The First Benchmark for Anticipating Human Next Utterance with MLLMs
Problem: We explore the use of large language models (LLMs) for next-utterance anticipation in human dialogue. Despite recent advances in LLMs demonstrating their ability to engage in natural conversations with users, we show that even leading models surprisingly struggle to anticipate a human speaker’s next utterance. Instead, humans can readily anticipate forthcoming utterances based on multi-modal cues—such as gestures, gaze, and emotional tone—from the context.

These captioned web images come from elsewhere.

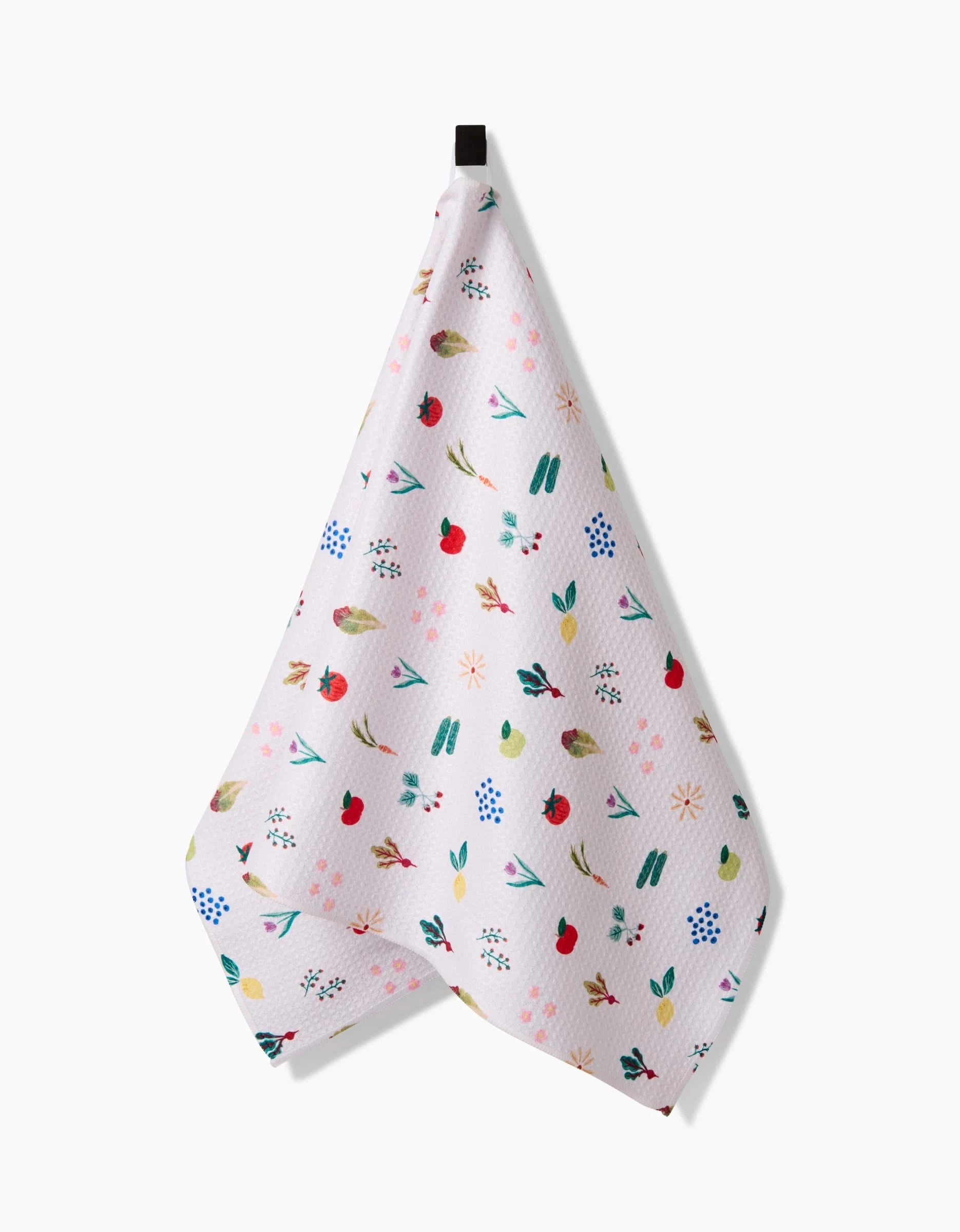 The Fresh Produce tea towel by Brittany Jepsen features a colorful pattern of flowers, fruits, and leaves on white Geoweave fabric, known for its absorbency and durability. It hangs by a loop against a plain white background.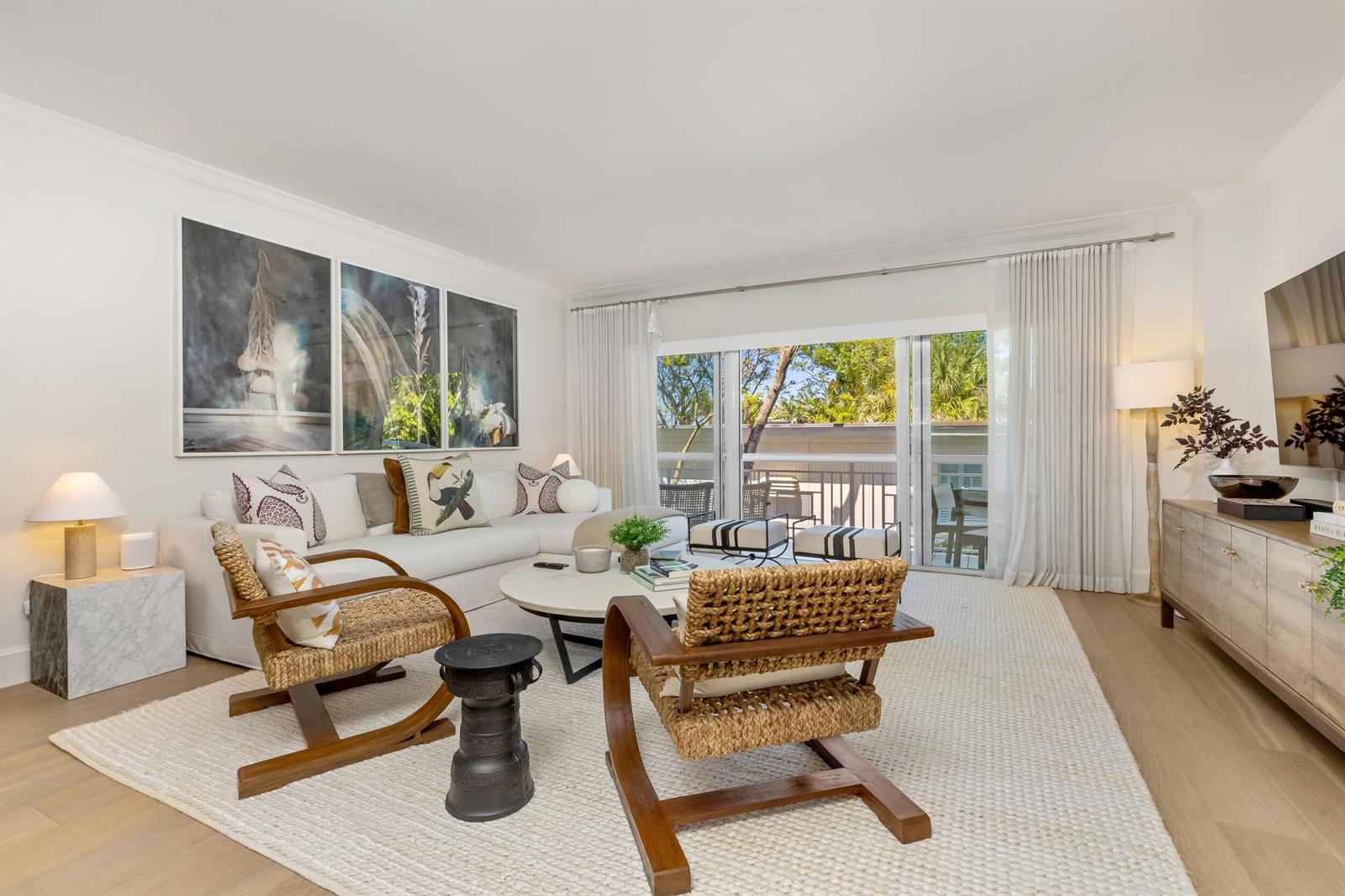 A bright living room features a white sofa, two woven chairs, and a large area rug — 250 Bradley Place # 307, Palm Beach FL 33480, PALM BEACH, FL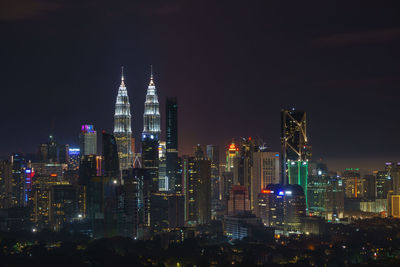 Illuminated buildings against sky at night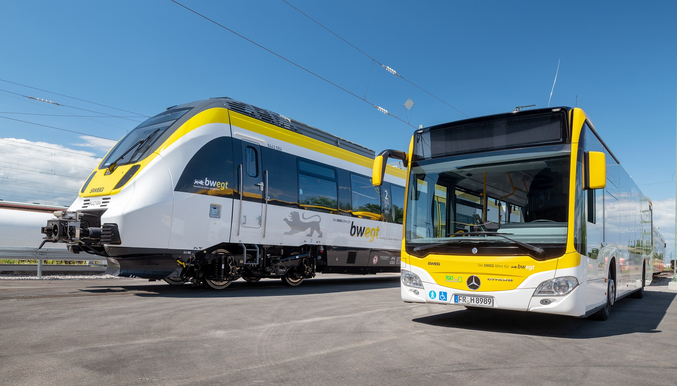 An empty yellow and white bus and a yellow and white SWEG train stand next to each other in a depot.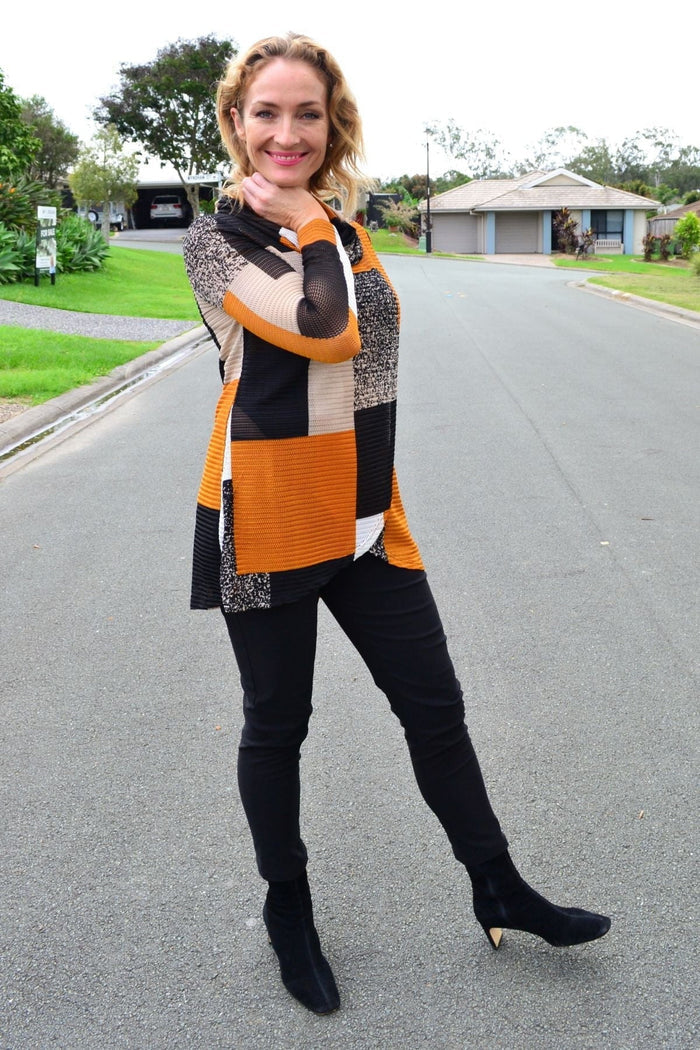 Caramel cowl neck tunic top by Caroline Morgan, displayed on a hanger with soft fabric texture and relaxed fit.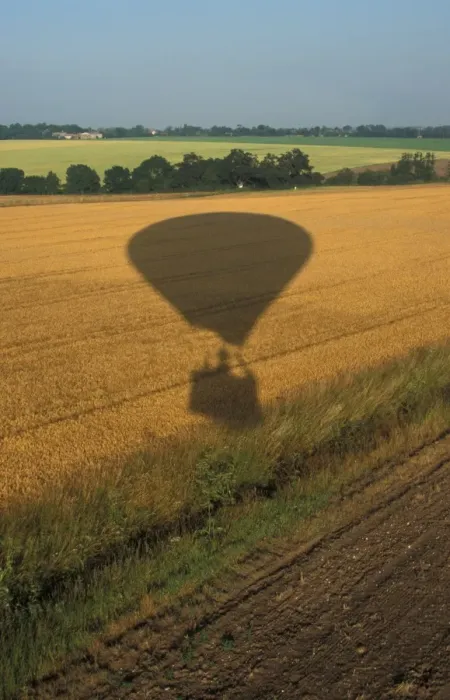Framed Print : Sunlight Shadow of balloon over farmland Framed Print : Sunlight Shadow of balloon over farmland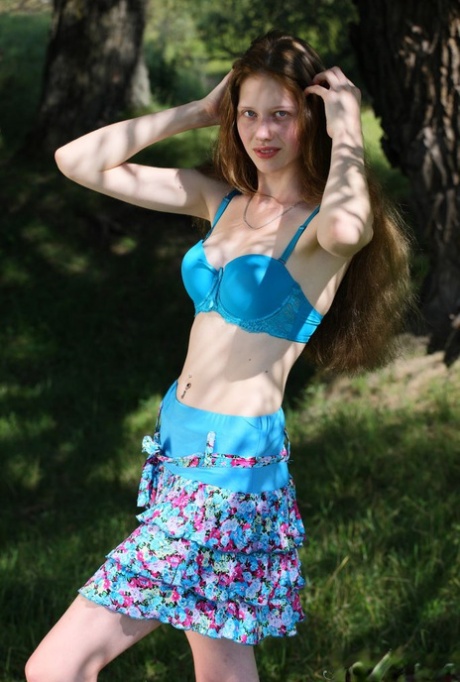 Barely legal girl Nicole exposes her slim body under a tree 10758700
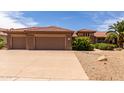 Spacious three-car garage with an extended driveway at 17406 N Escalante Ln, Surprise, AZ 85374
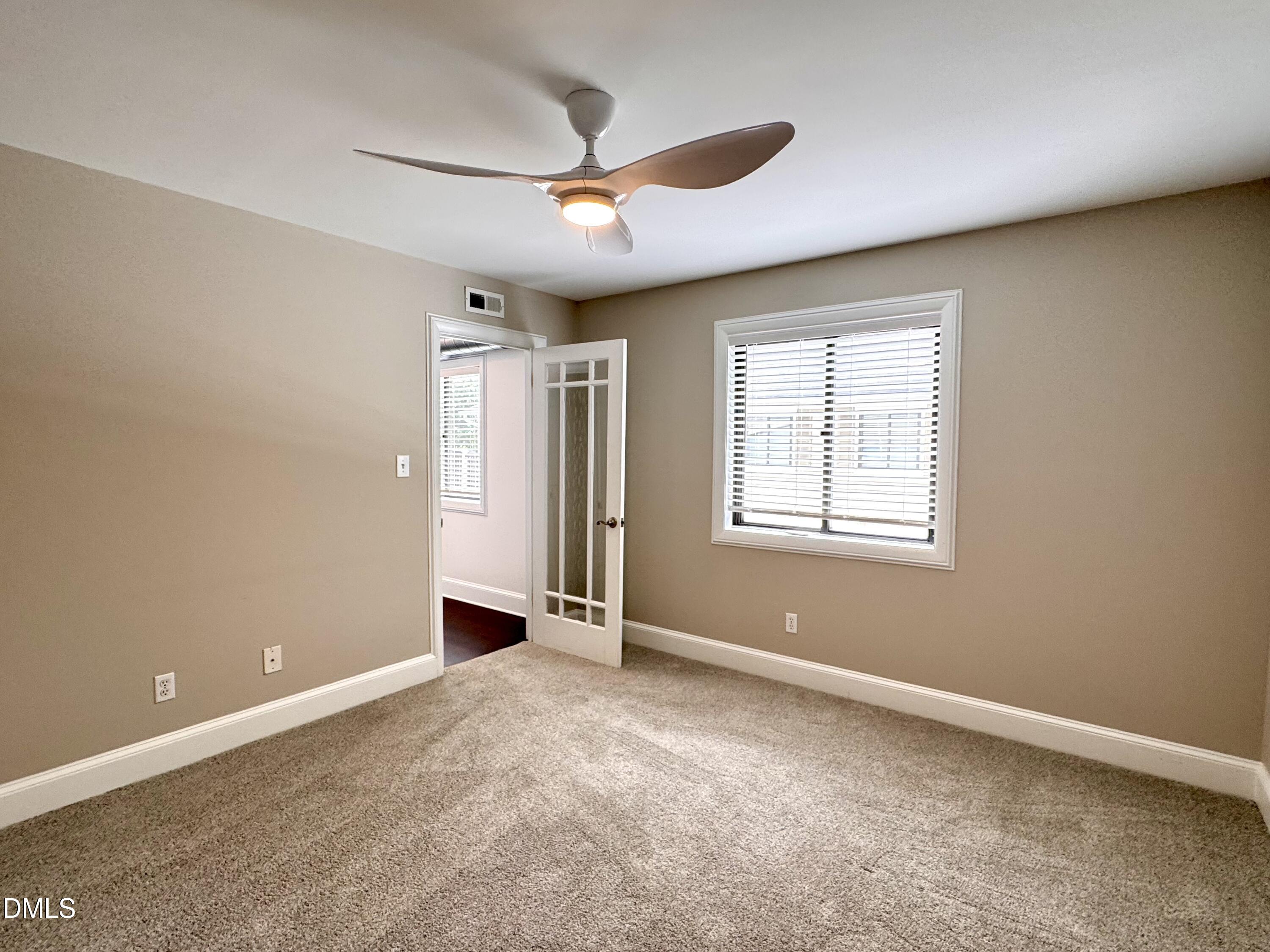 2204 Stafford Avenue, Unit 202 Raleigh, NC 27607 - Photo 8 of 15 a view of an empty room with a window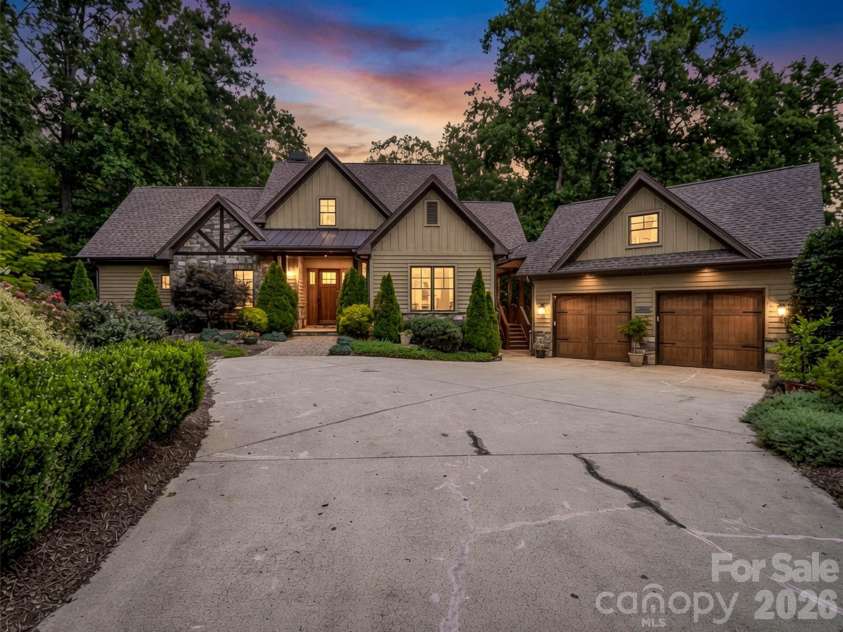 153 Glenn Court, Mill Spring, NC 28756.  MLS# CAR4404140, YatesRealty ID 36970. Twilight AI Generated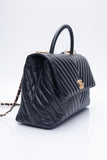 CHANEL Black Chevron Quilted Medium Coco Handle Flap Bag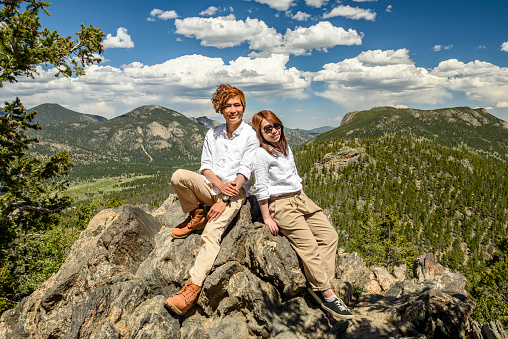 A couple is sitting on a giant rock, leaning to each other and looking at the camera with greenish hills and blue sky as the background.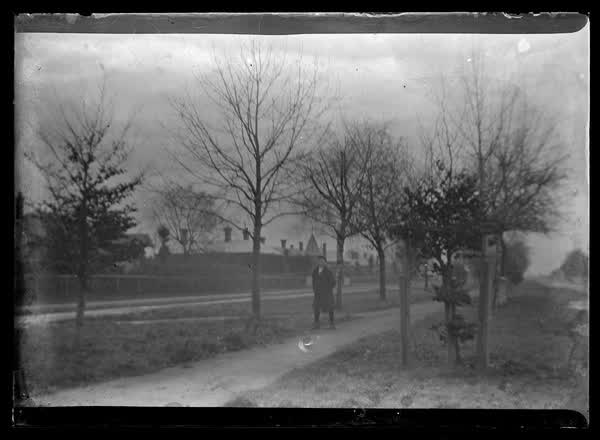 A man walking down a street, 1900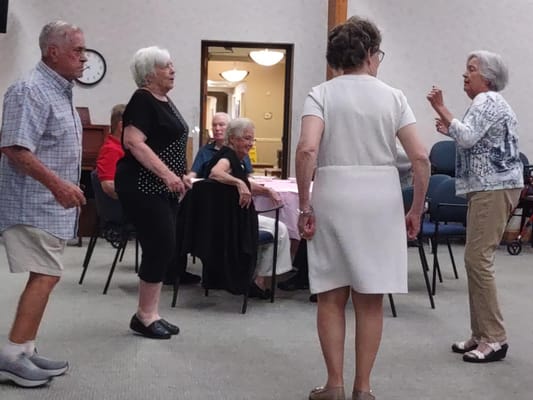 Residents participating in an activity in the common area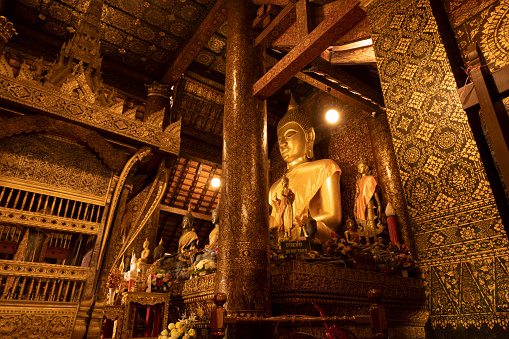Huge seated golden Buddha statue inside Wat Xieng Thong temple in Luang Prabang, Laos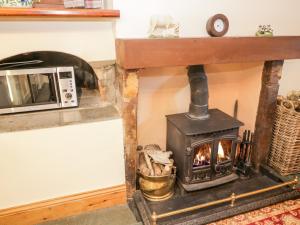 a stove in a living room next to a microwave at Stable End Cottage in Nether Wasdale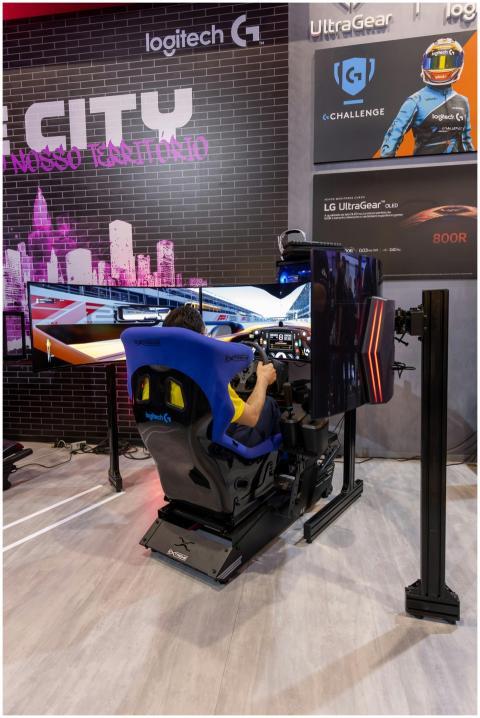 Person enjoying a high-tech racing simulator at a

Method: To systematically examine this gap, we propose SayNext-Bench, a benchmark evaluating MLLMs on anticipating context-conditioned responses across diverse real-world scenarios. To support it, we build SayNext-PC, a large-scale multimodal dialogue dataset, and carefully design a multi-level evaluation framework spanning lexical similarity, emotion-intention consistency, and LLM-based overall alignment. Building on this, we develop SayNext-Chat, a cognitively inspired dual-route MLLM that incorporates learnable priming tokens to fuse perceptual cues with anticipatory priors. Extensive experiments demonstrate that SayNext-Chat consistently outperforms state-of-the-art MLLMs across all evaluation levels, corroborated by user studies and LLM-as-Judge evaluations.
Contribution: Our results emphasize the (i) indispensable role of multimodal cues and (ii) active anticipatory processing as foundations of natural human interaction currently missing in MLLMs. We hope that this exploration offers a new research entry toward a more human-like, context-sensitive AI interaction for human-centered AI.